What this task involves: In the entries below, begin at the line that has "Walk-in closet - craftsman", stop after the line that has "a silver-colored Lord", and output those lines exactly with no pictures.

Dataset records:
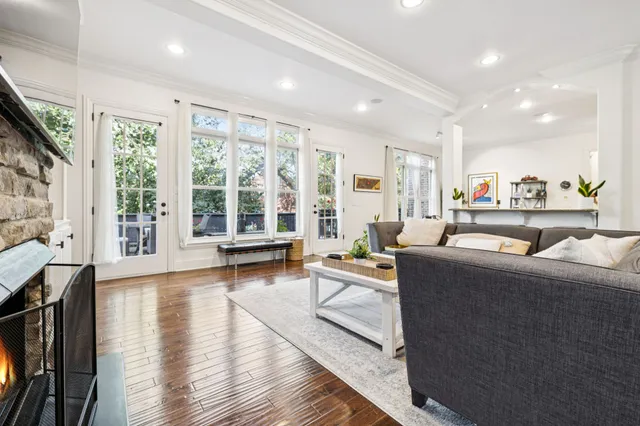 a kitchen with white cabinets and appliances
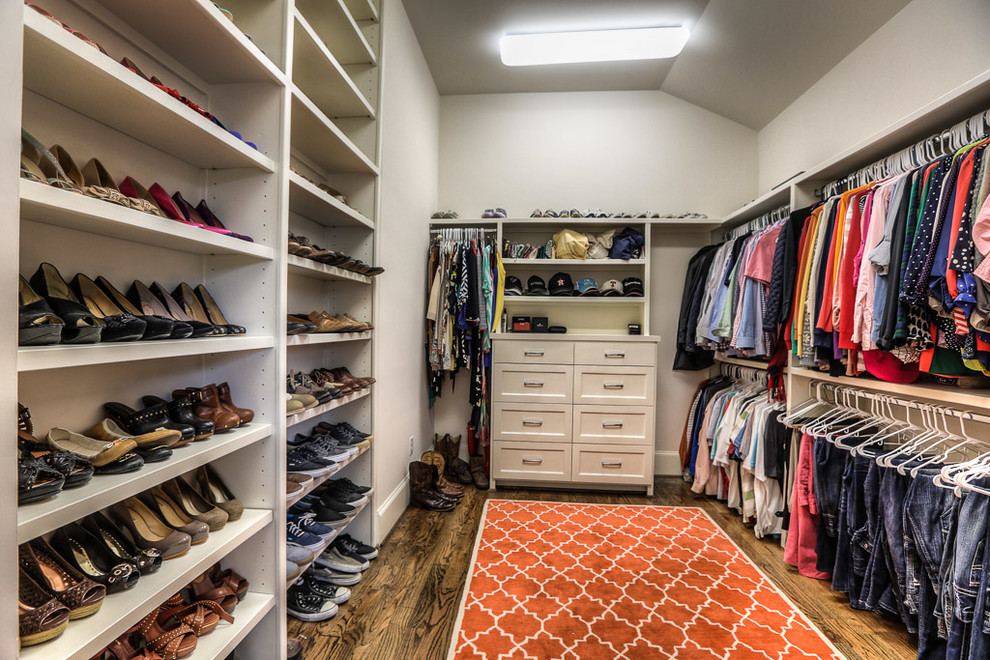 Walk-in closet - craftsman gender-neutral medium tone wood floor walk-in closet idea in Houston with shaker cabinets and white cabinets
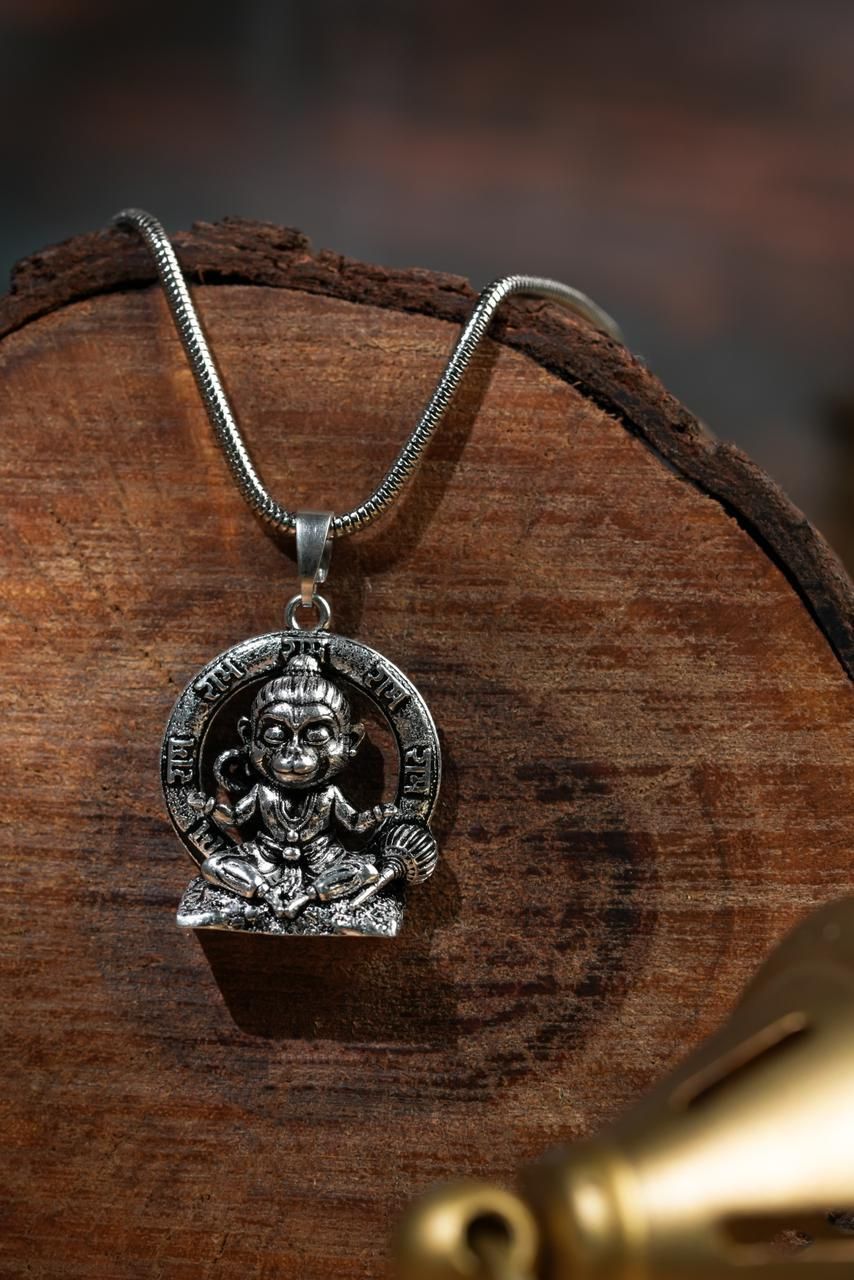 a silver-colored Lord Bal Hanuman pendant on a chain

* * *

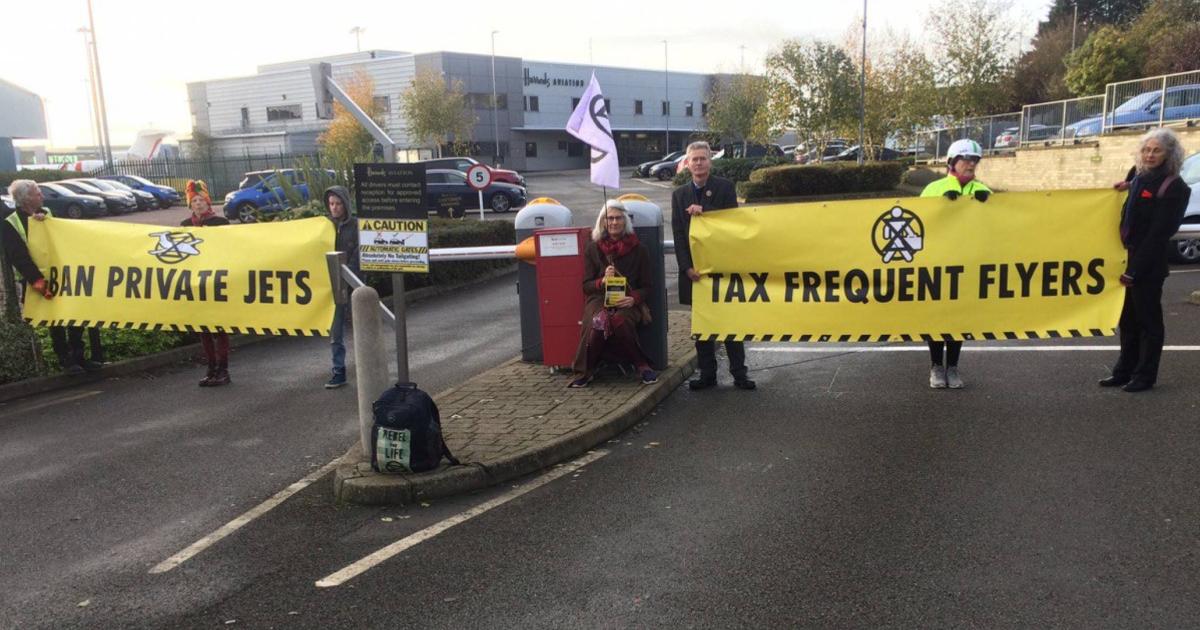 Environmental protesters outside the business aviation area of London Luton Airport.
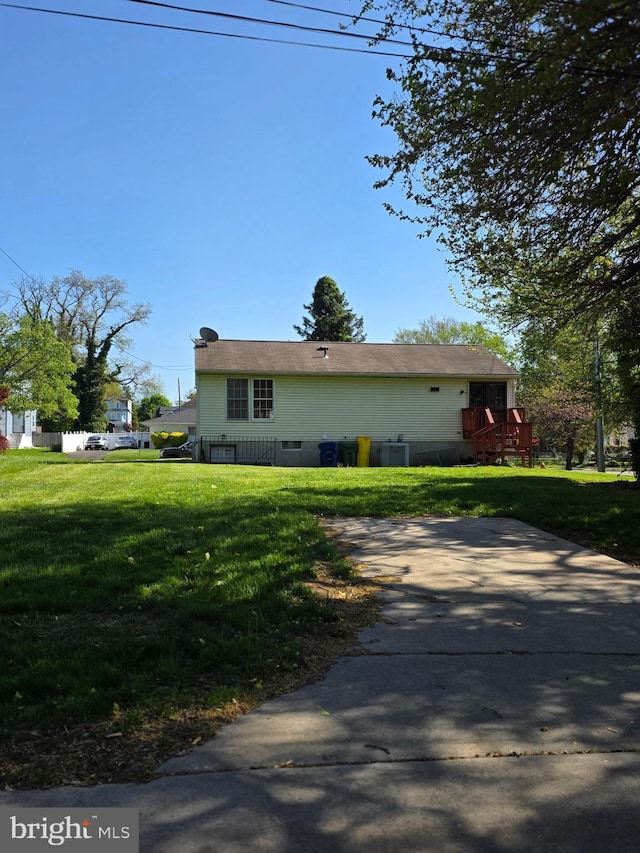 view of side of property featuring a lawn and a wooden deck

Answer for this exercise:
 Walk-in closet - craftsman gender-neutral medium tone wood floor walk-in closet idea in Houston with shaker cabinets and white cabinets
 a silver-colored Lord Bal Hanuman pendant on a chain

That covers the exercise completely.